4. If you have heartburn acid reflux or even have burped or belched just before getting the Breath analyzer test, offer to provide a blood sample instead. This really is undesirable because you are most likely getting alchohol from your stomach (a place in which it is not impacting you yet because it has not been soaked up by your body) to your mouth and throat where it'll pass directly to the machine, making the reading a lot higher than it actually is. This just isn't the best thing. These overcalculations occur because the machine isn't that smart - all it does is multiply the amount of alchohol it detects in your mouth by a certain factor to estimate your blood-alchohol-level. This is because it assumes the sample came from the lungs, not the stomach, and the average person has 2100 units of alcohol in his blood for every unit of alcohol in his breath (called the partition ratio). The Breath analyzer test does not "know" that your breath test is not from your lungs and that it shouldn't multiply the alcohol level by anything. Result: false high readings -- and a Dwi conviction.

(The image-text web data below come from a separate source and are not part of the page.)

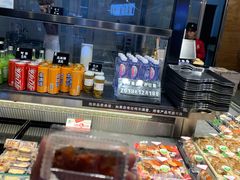 -池田寿司·新鲜现做(朝阳大悦城店)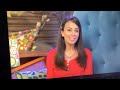 Nina And Star Talk About Birthdays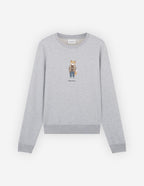 DRESSED FOX REGULAR SWEATSHIRT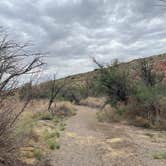 Review photo of Bottomless Lakes State Park Campground by Kim L., August 13, 2021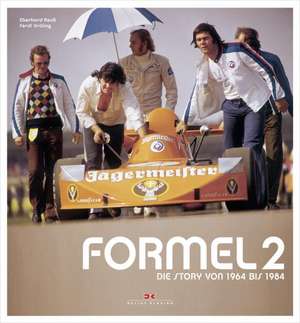 Formel 2 de Eberhard Reuß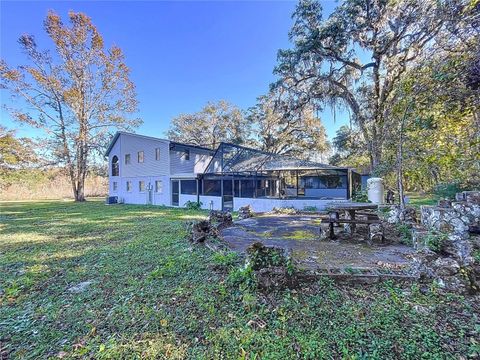 A home in BROOKSVILLE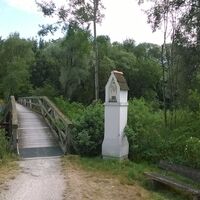 Amperbrücke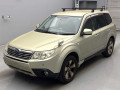2008 Subaru Forester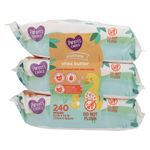 Toallas-H-medas-Parent-s-Choice-Baby-Wipes-Refreshing-Cucumber-240-unidades-1-81419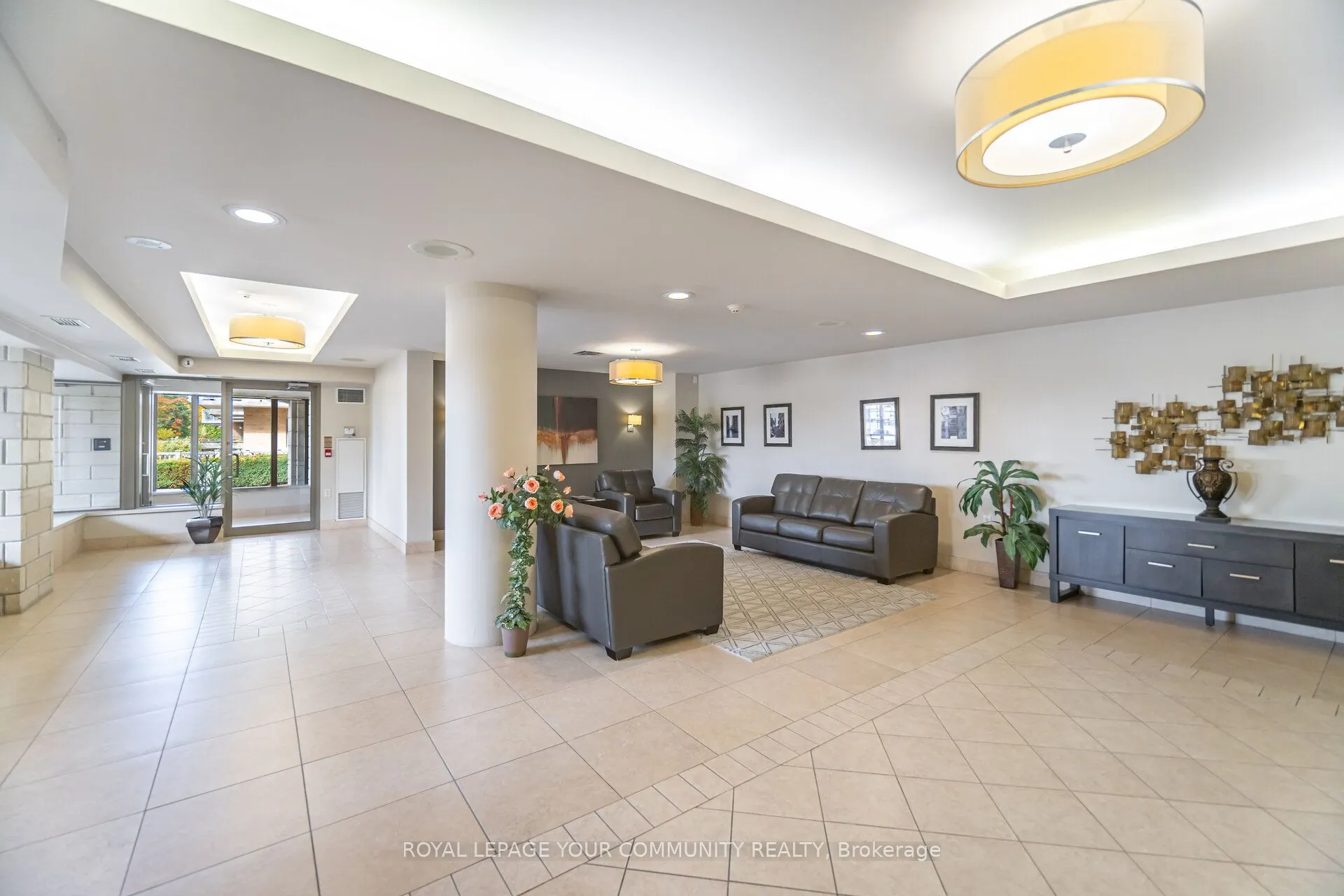 2500 Rutherford Road, #218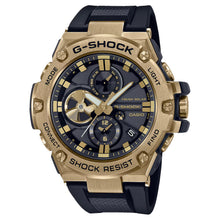 Load image into Gallery viewer, Casio Men's G-Shock G-Steel GST-B100 Series
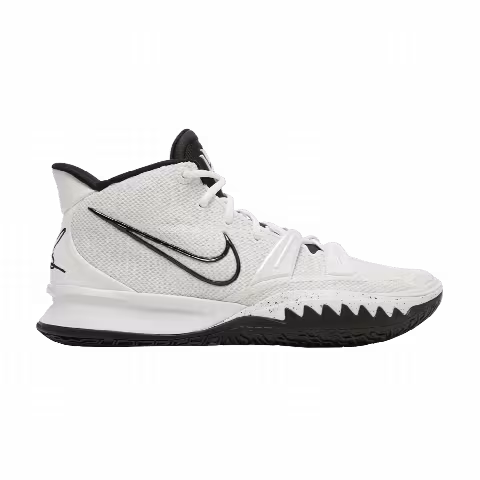 Nike Kyrie 7 TB 'White'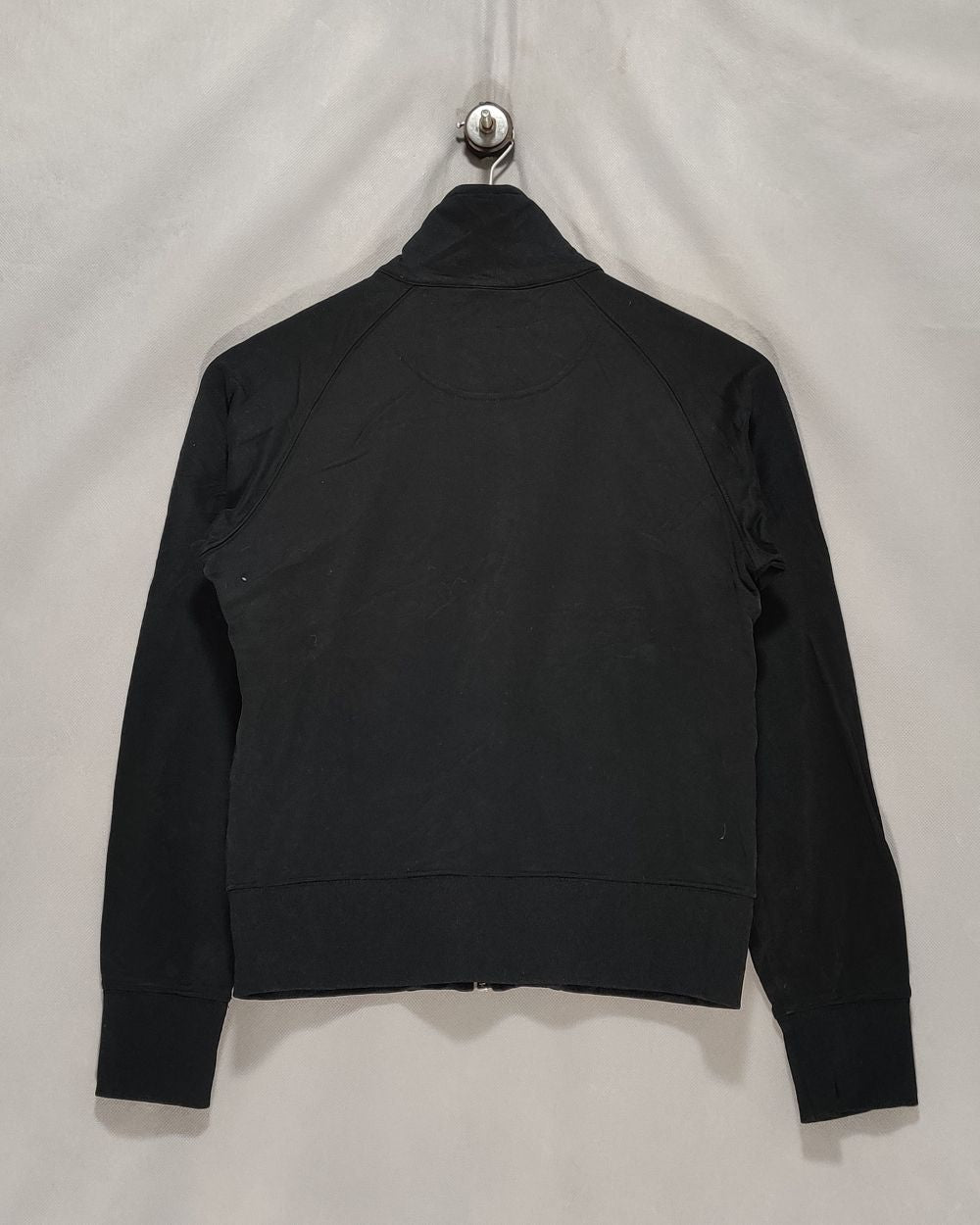 Nike Black Zipper For Women XS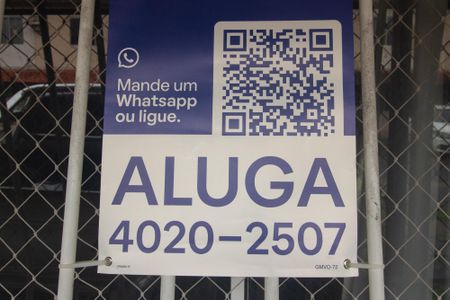 Casa de condomínio para alugar com 64m², 2 quartos e 1 vagaPlaquinha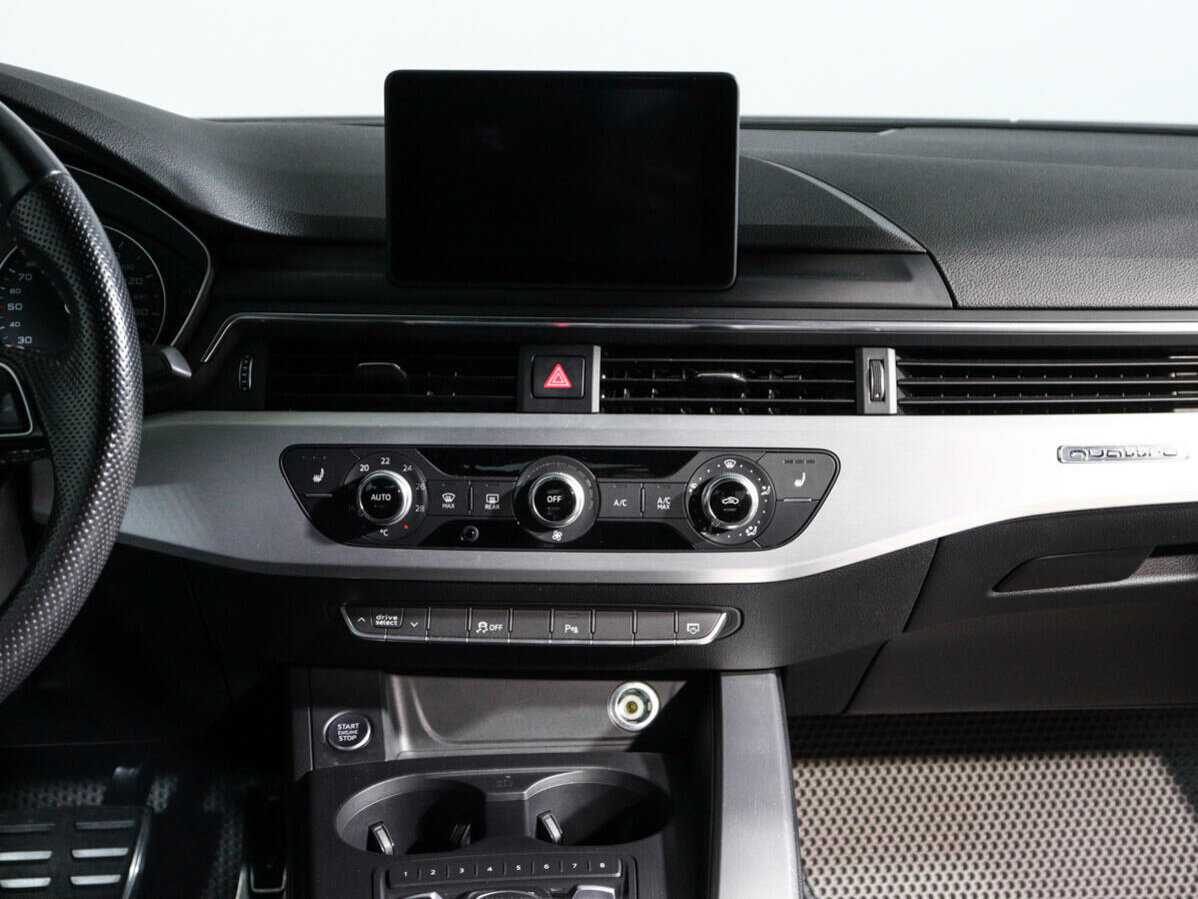 Audi A5 2017 года с пробегом. Фото: #12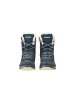 LOWA Winterstiefel in blau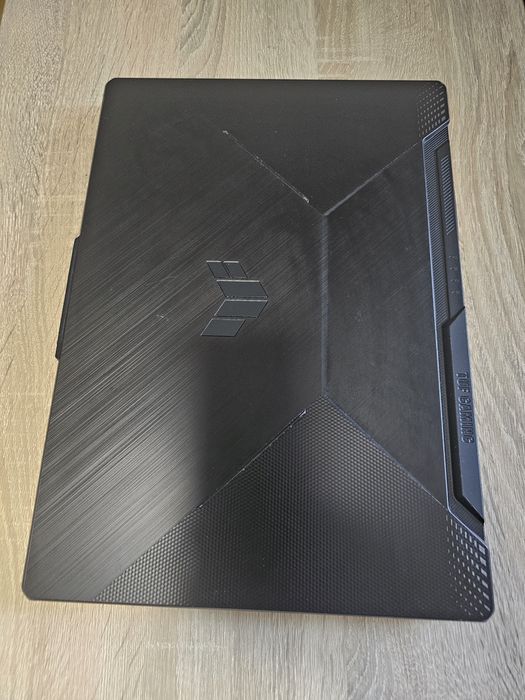 ASUS TUF A15 Rtx3060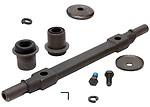 Acdelco 45j0008 upper control arm shaft kit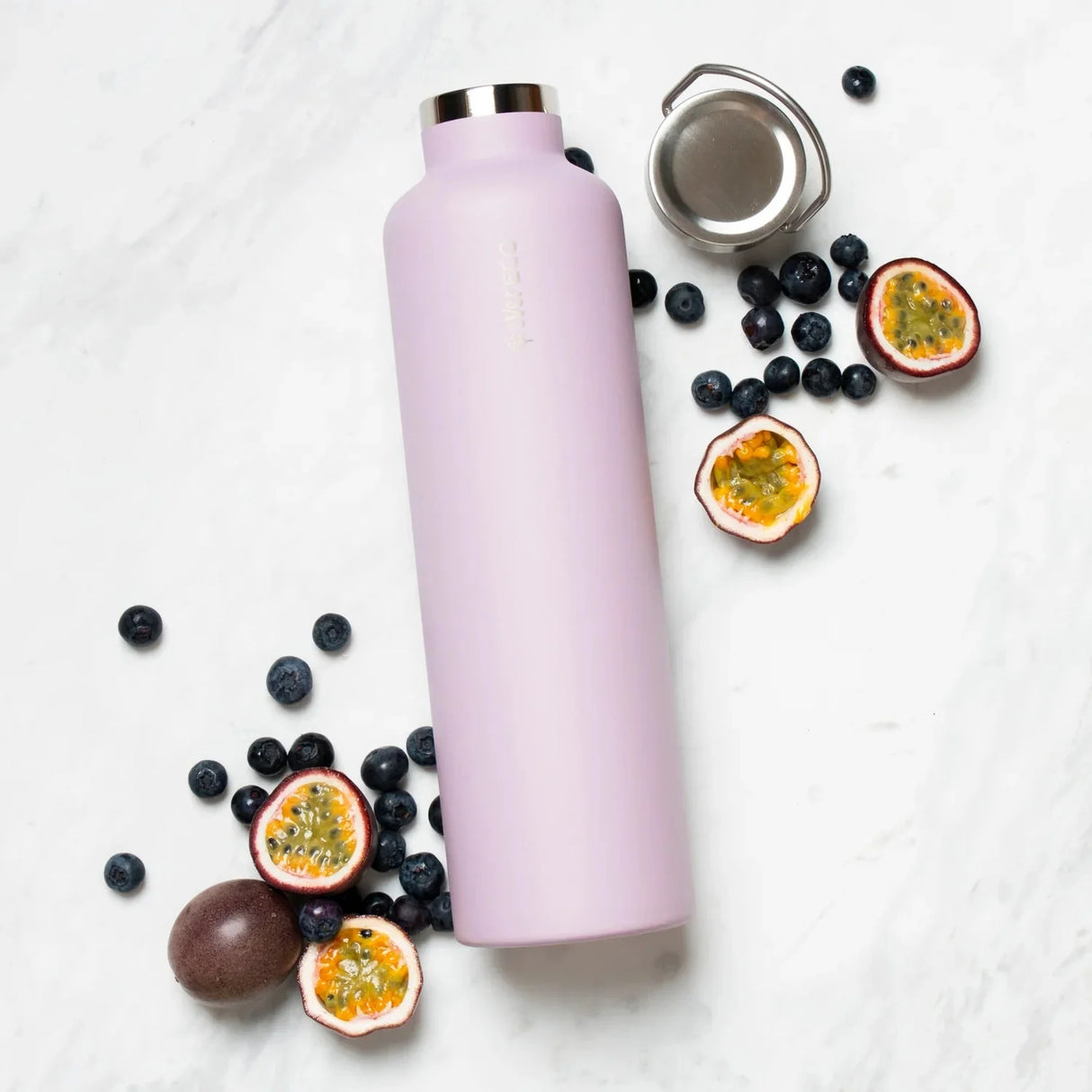 1L Insulated Stainless Steel Bottle - Byron Bay - Sup Yo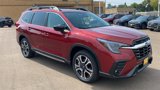 New 2025 Subaru Ascent Limited image 3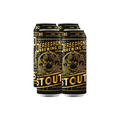 Persephone Brewing Irish Stout — Craft Beer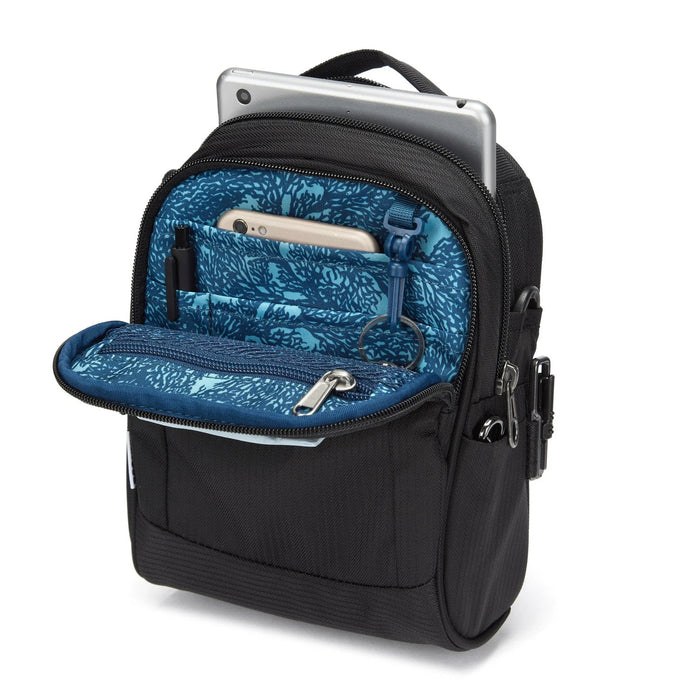 Sac bandoulière antivol Pacsafe® LS100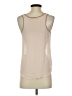 Chloe K Ivory Tank Top Size XS - photo 2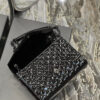YSL Envelope Bag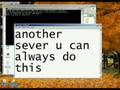 last steps in making a rs2 private sever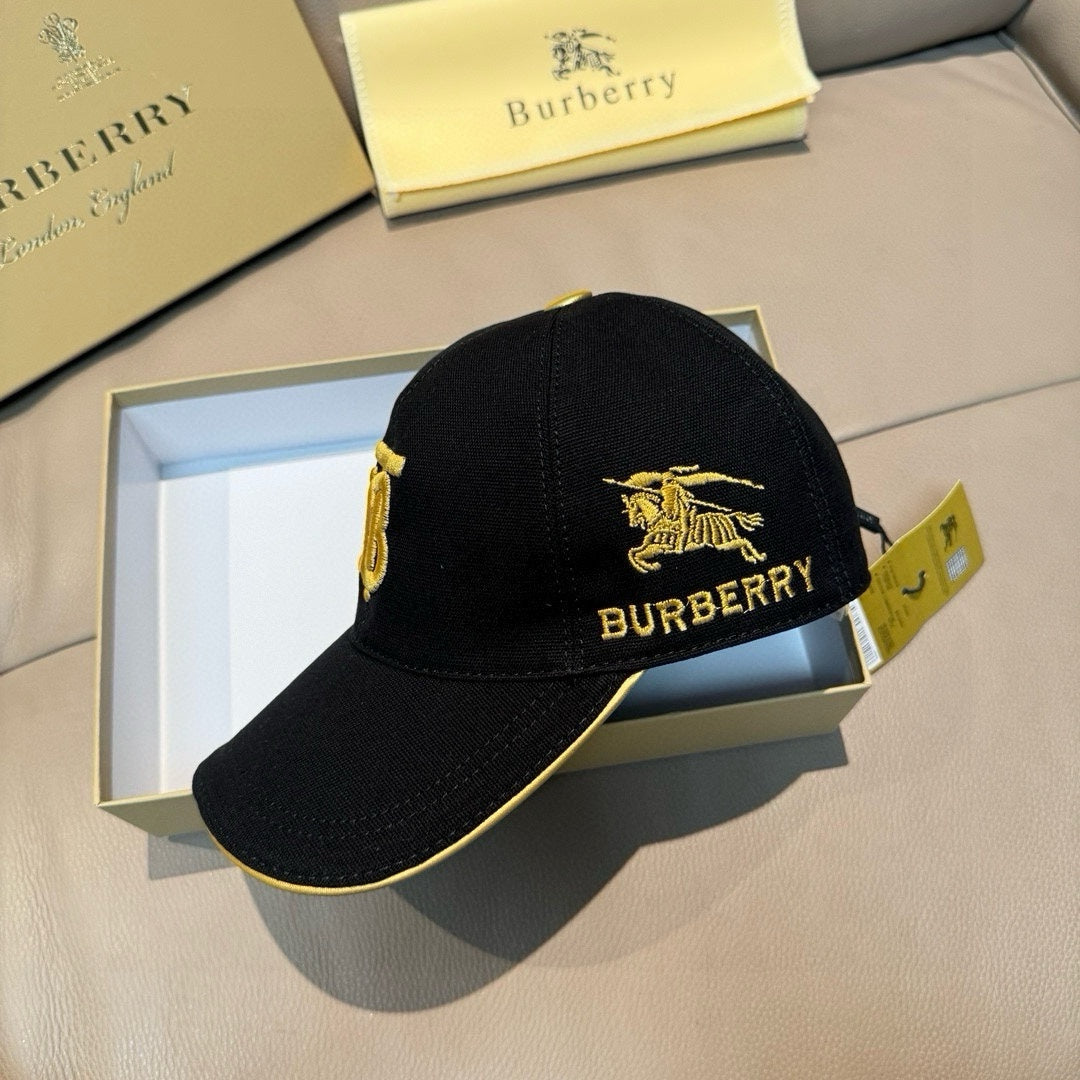 LuxluxHouse Best Quality Burberry Caps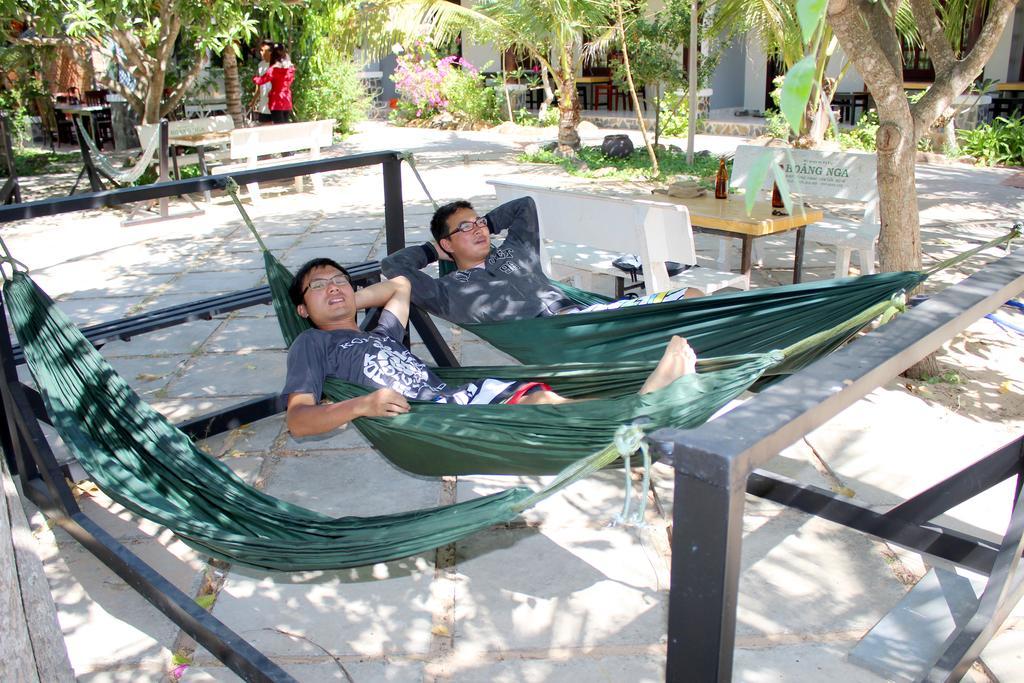 Hoang Nga Garden 2*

5. When you see that officer in the rear-view mirror, don't reach for the mouthwash or breath spray to disguise the drink or two you've had. Most of them contain significant levels of alcohol (Listerine, for example is 27% alcohol) and create a mouth alcohol effect: they remain in the oral cavity for 20 minutes or so -- just long enough to be breathed into the Breathalyzer, with the same results mentioned in number 4. Some breath machines have a mouth alcohol detector, but these are highly unreliable.

If you are or get arrested for Driving under the influence it is essential to hire the assistance of a Houston Criminal Defense Lawyer as quickly as possible.